Assigned task:
Write out the listing below in its entirety, minus the pictures, without changing a word.

Information provided:
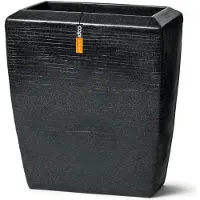 Capi Europe - Bloembak rechthoek hoog Arc Granite - 88x36x100 - Zwart - Bloempot Voor binnen en buiten - Beschikbaar in XL formaten - Breukbestendig - 100% Recyclebaar - Levenslang garantie - NBLS8064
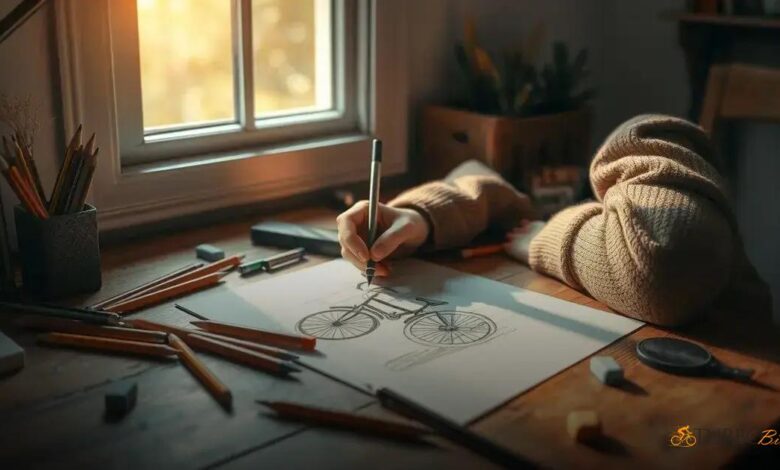 Como Desenhar uma Bicicleta: Tutorial Fácil para Crianças e Adultos
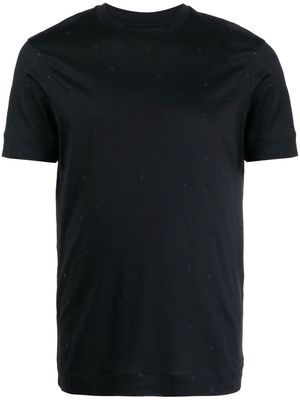 Emporio Armani crew-neck fitted T-shirt - Blue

Response:
 Capi Europe - Bloembak rechthoek hoog Arc Granite - 88x36x100 - Zwart - Bloempot Voor binnen en buiten - Beschikbaar in XL formaten - Breukbestendig - 100% Recyclebaar - Levenslang garantie - NBLS8064
 Como Desenhar uma Bicicleta: Tutorial Fácil para Crianças e Adultos
 Emporio Armani crew-neck fitted T-shirt - Blue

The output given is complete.